* PROMPT
Write every line of the material again exactly, with no pictures in the copy.

* THE INPUT
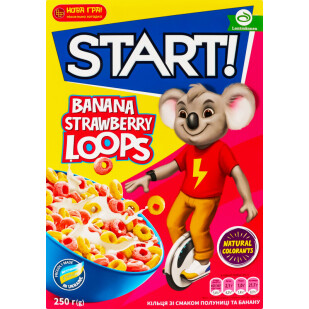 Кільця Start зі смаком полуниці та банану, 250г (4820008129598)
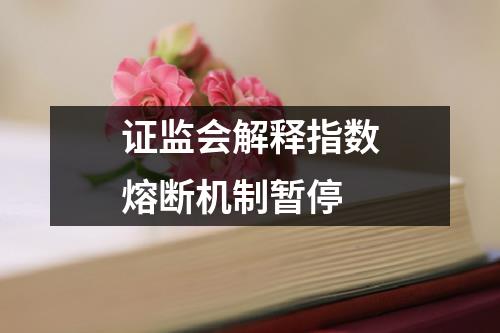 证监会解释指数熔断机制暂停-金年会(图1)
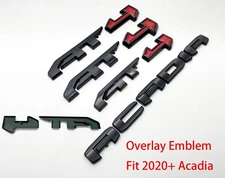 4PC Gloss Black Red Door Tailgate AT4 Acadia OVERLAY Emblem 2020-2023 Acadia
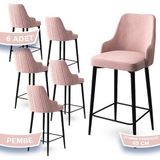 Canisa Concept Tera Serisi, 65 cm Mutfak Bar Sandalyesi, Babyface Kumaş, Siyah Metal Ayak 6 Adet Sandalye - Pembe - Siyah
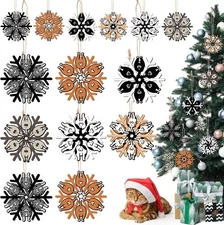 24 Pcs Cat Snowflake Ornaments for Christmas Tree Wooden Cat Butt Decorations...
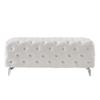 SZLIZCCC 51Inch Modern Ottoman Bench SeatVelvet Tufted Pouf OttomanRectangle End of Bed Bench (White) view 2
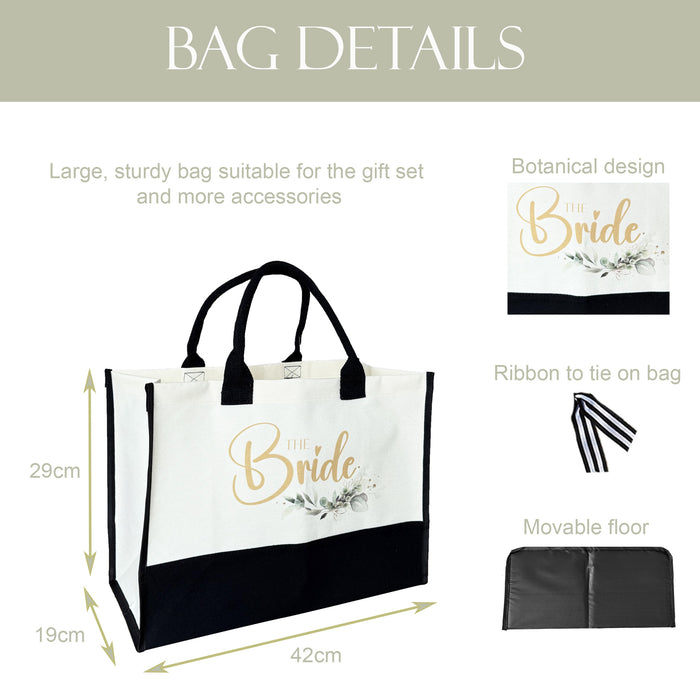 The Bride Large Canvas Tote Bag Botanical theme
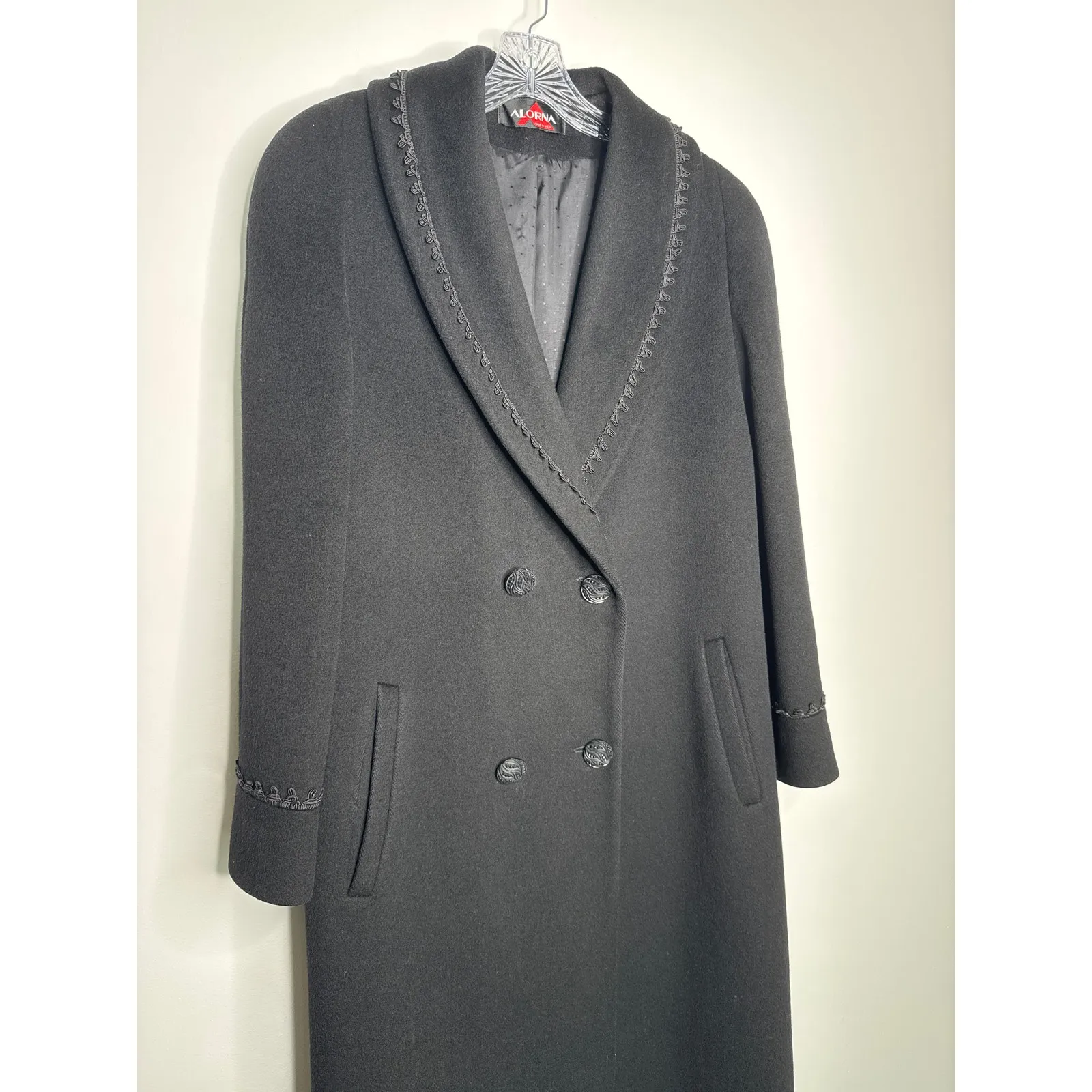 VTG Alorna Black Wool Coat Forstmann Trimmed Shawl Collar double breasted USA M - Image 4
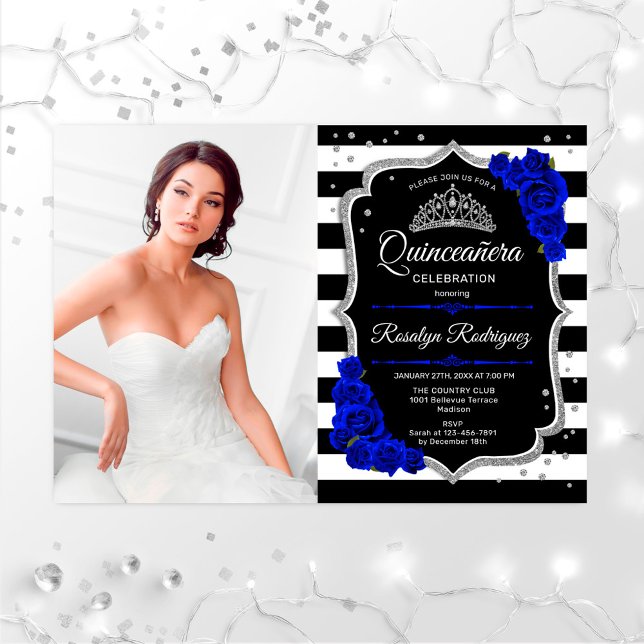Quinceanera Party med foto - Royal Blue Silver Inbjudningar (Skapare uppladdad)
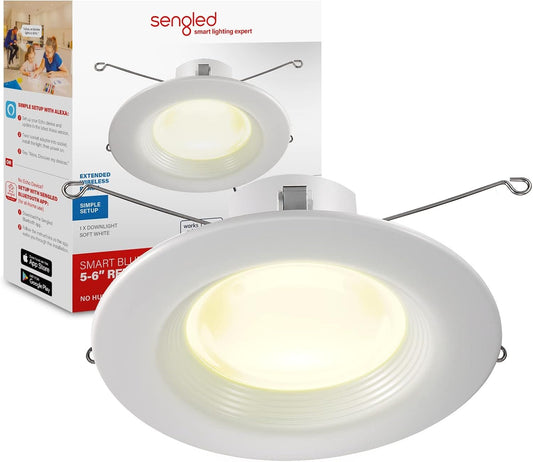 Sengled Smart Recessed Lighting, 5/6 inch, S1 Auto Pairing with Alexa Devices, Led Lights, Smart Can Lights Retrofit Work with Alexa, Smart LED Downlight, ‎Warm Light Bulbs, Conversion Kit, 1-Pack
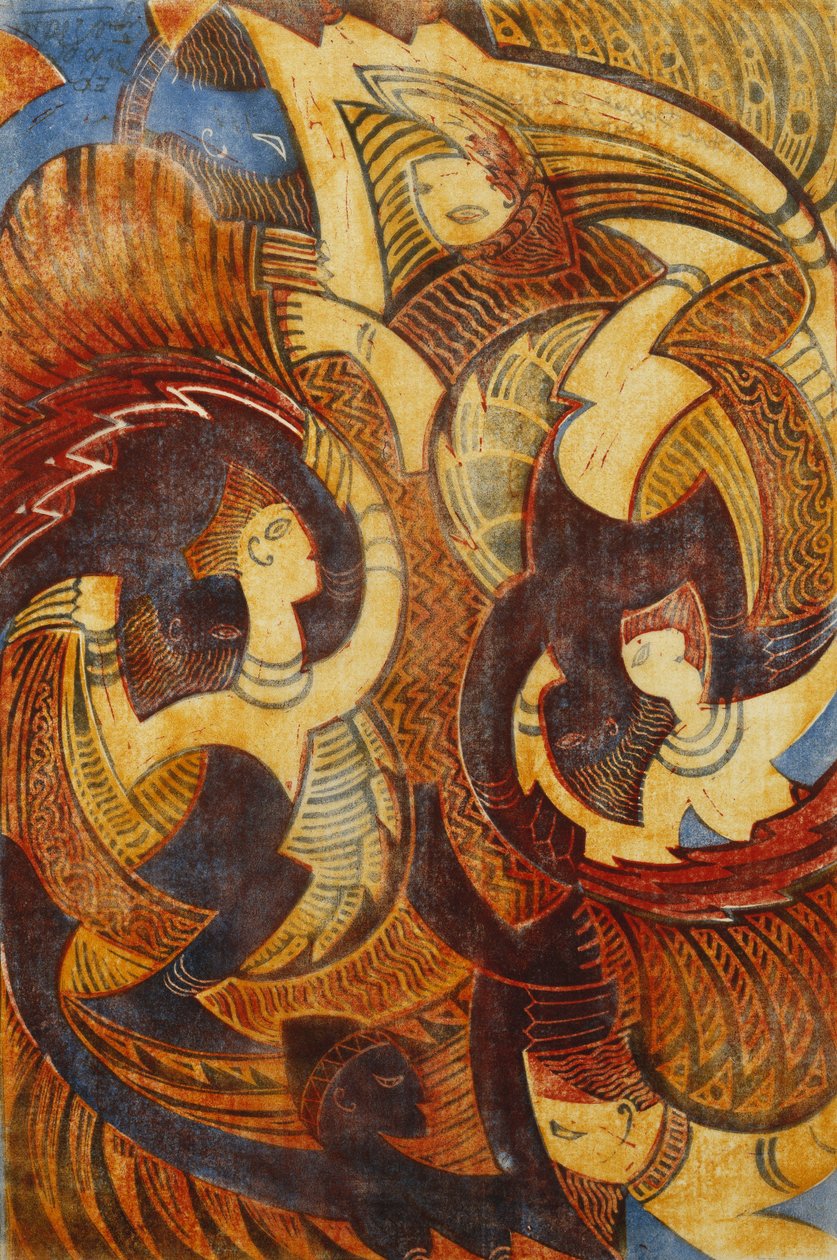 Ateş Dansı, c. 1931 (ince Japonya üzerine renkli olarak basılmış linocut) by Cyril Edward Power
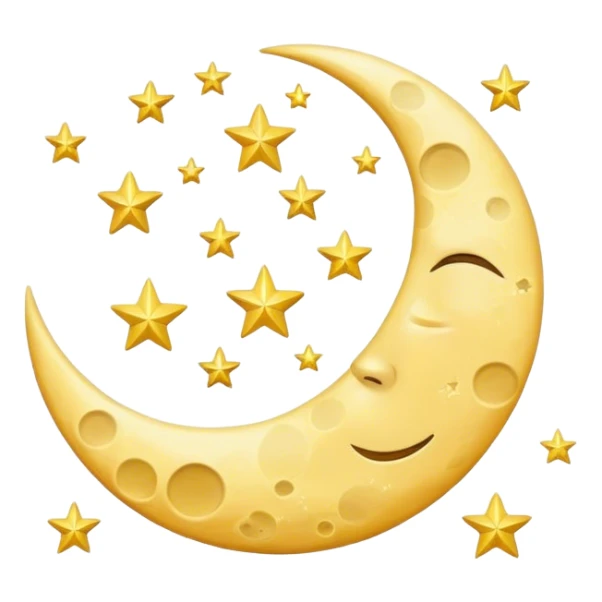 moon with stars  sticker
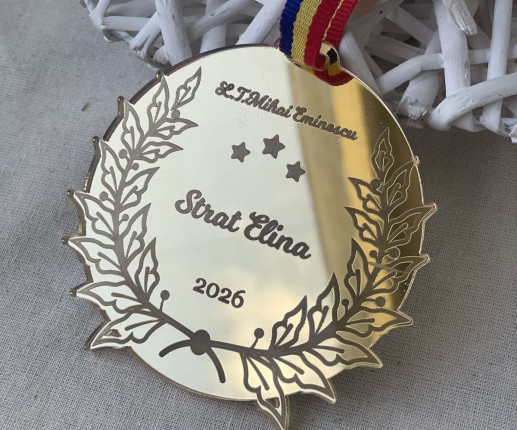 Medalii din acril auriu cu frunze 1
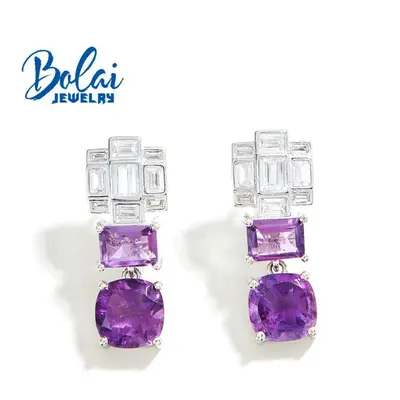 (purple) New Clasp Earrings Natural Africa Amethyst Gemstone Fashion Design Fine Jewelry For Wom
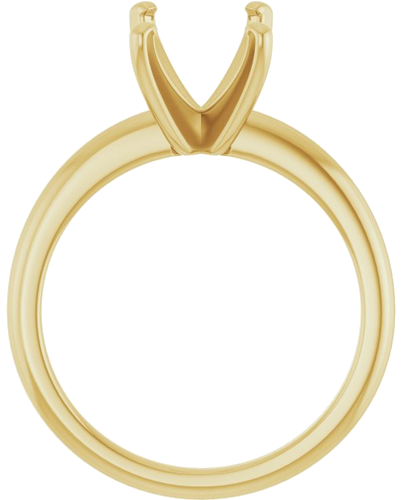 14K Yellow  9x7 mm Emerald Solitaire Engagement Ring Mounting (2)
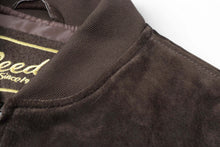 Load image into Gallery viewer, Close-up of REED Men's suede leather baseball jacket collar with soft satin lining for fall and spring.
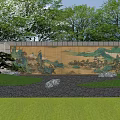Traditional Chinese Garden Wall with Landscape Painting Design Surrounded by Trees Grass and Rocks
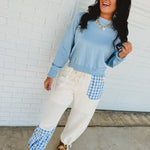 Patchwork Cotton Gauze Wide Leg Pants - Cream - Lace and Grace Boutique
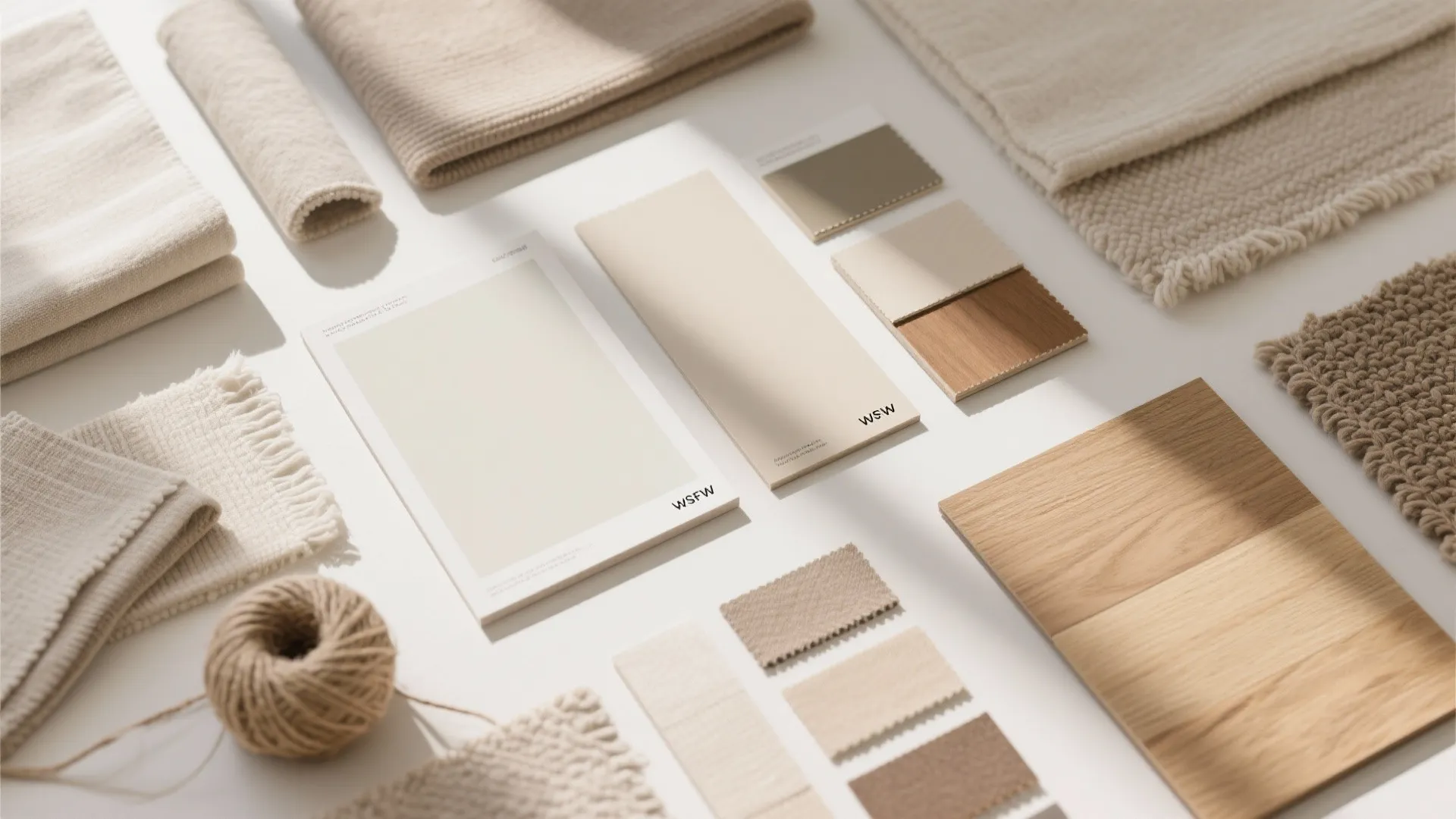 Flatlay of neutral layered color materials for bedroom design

* TASK ANSWER
 Кільця Start зі смаком полуниці та банану, 250г (4820008129598)
 证监会解释指数熔断机制暂停-金年会(图1)
 4PC Gloss Black Red Door Tailgate AT4 Acadia OVERLAY Emblem 2020-2023 Acadia
 Canisa Concept Tera Serisi, 65 cm Mutfak Bar Sandalyesi, Babyface Kumaş, Siyah Metal Ayak 6 Adet Sandalye - Pembe - Siyah
 24 Pcs Cat Snowflake Ornaments for Christmas Tree Wooden Cat Butt Decorations...
 SZLIZCCC 51Inch Modern Ottoman Bench SeatVelvet Tufted Pouf OttomanRectangle End of Bed Bench (White) view 2
 The Bride Large Canvas Tote Bag Botanical theme
 VTG Alorna Black Wool Coat Forstmann Trimmed Shawl Collar double breasted USA M - Image 4
Quinceanera Party med foto - Royal Blue Silver Inbjudningar (Skapare uppladdad)
 Sengled Smart Recessed Lighting, 5/6 inch, S1 Auto Pairing with Alexa Devices, Led Lights, Smart Can Lights Retrofit Work with Alexa, Smart LED Downlight, ‎Warm Light Bulbs, Conversion Kit, 1-Pack
 Ateş Dansı, c. 1931 (ince Japonya üzerine renkli olarak basılmış linocut) by Cyril Edward Power
 moon with stars  sticker
 Medalii din acril auriu cu frunze 1
 (purple) New Clasp Earrings Natural Africa Amethyst Gemstone Fashion Design Fine Jewelry For Wom
 14K Yellow  9x7 mm Emerald Solitaire Engagement Ring Mounting (2)
 Load image into Gallery viewer, Close-up of REED Men's suede leather baseball jacket collar with soft satin lining for fall and spring.
Traditional Chinese Garden Wall with Landscape Painting Design Surrounded by Trees Grass and Rocks
 Patchwork Cotton Gauze Wide Leg Pants - Cream - Lace and Grace Boutique
 Flatlay of neutral layered color materials for bedroom design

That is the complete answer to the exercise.